**Dataset excerpt:**

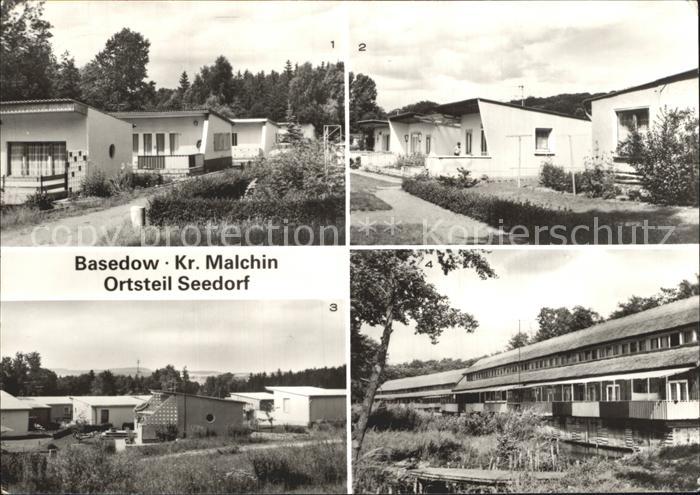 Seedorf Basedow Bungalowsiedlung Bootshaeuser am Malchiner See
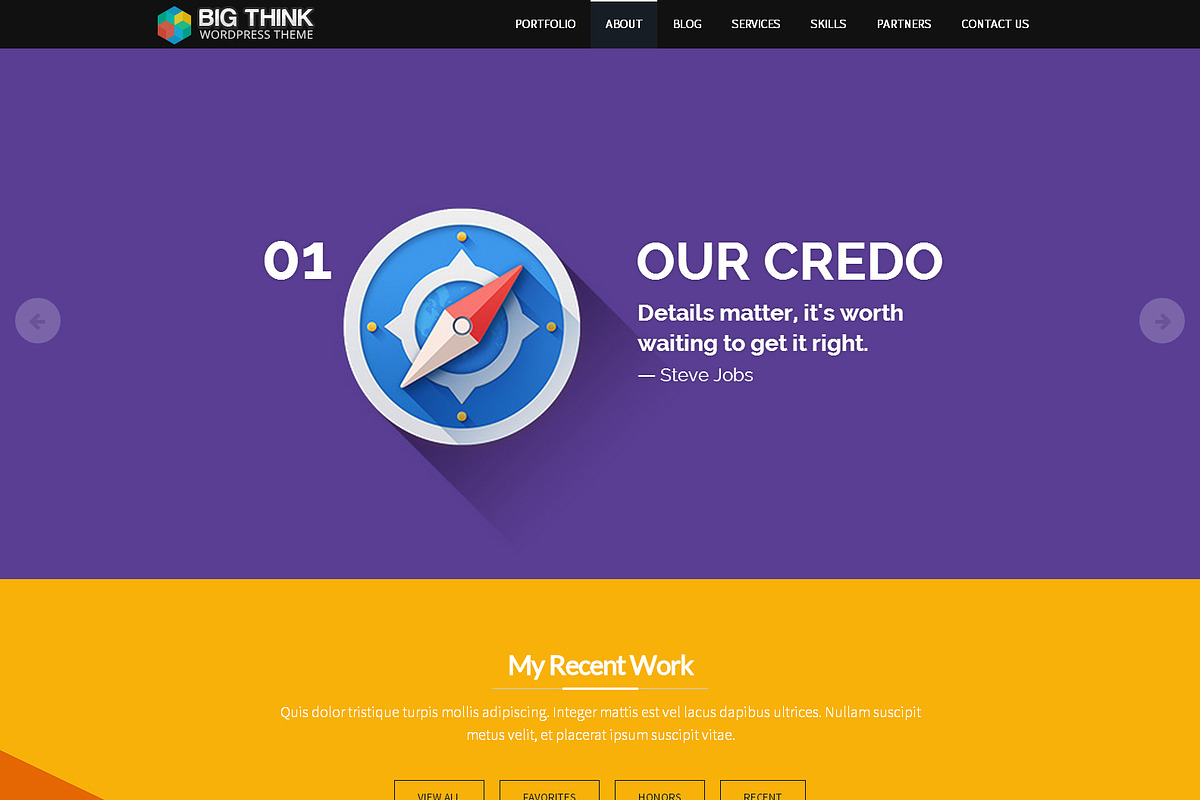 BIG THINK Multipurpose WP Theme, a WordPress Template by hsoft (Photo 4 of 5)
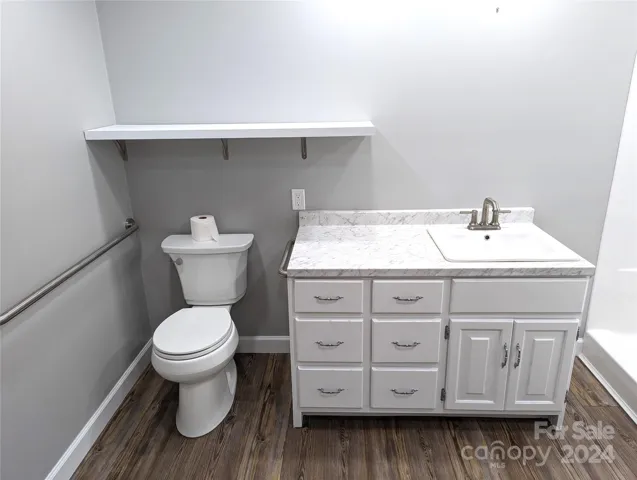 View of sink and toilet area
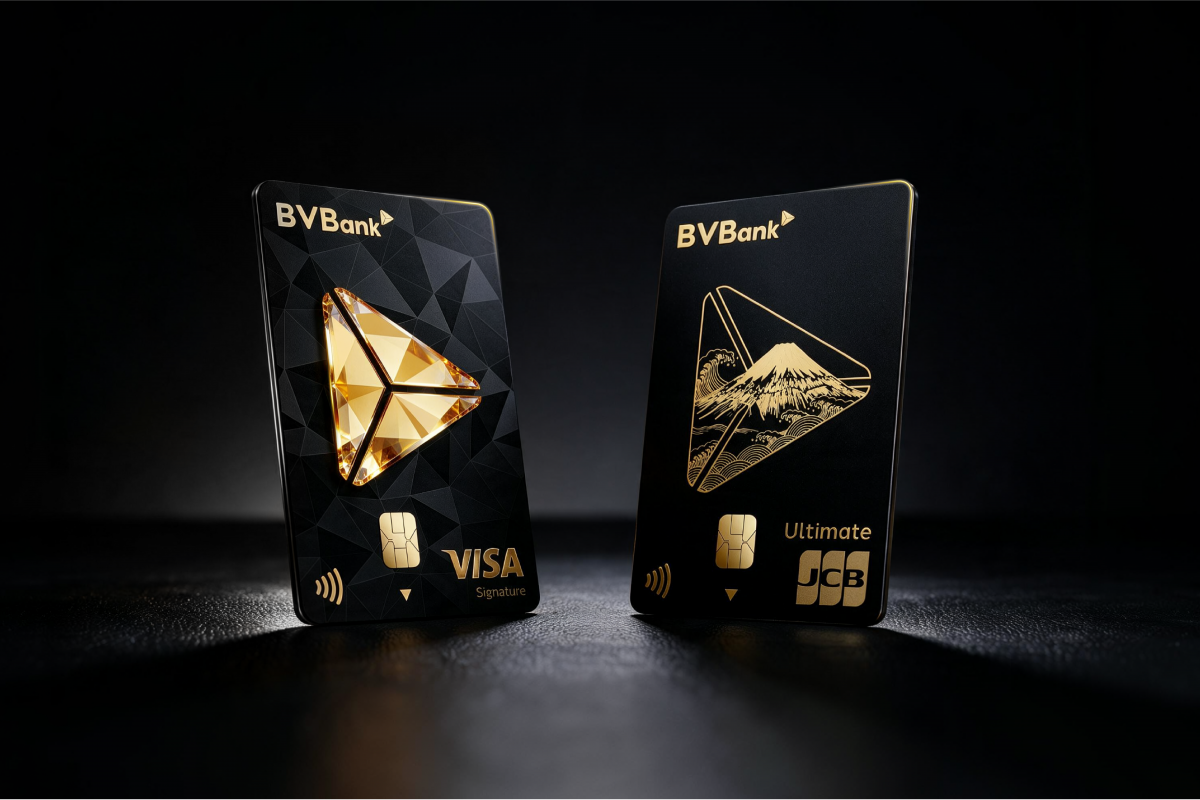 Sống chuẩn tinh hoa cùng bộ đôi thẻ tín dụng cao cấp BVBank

**Exercise description:** Copy all the material above exactly, but skip each image.

**Problem solution:**
 Seedorf Basedow Bungalowsiedlung Bootshaeuser am Malchiner See
 BIG THINK Multipurpose WP Theme, a WordPress Template by hsoft (Photo 4 of 5)
 View of sink and toilet area
 Sống chuẩn tinh hoa cùng bộ đôi thẻ tín dụng cao cấp BVBank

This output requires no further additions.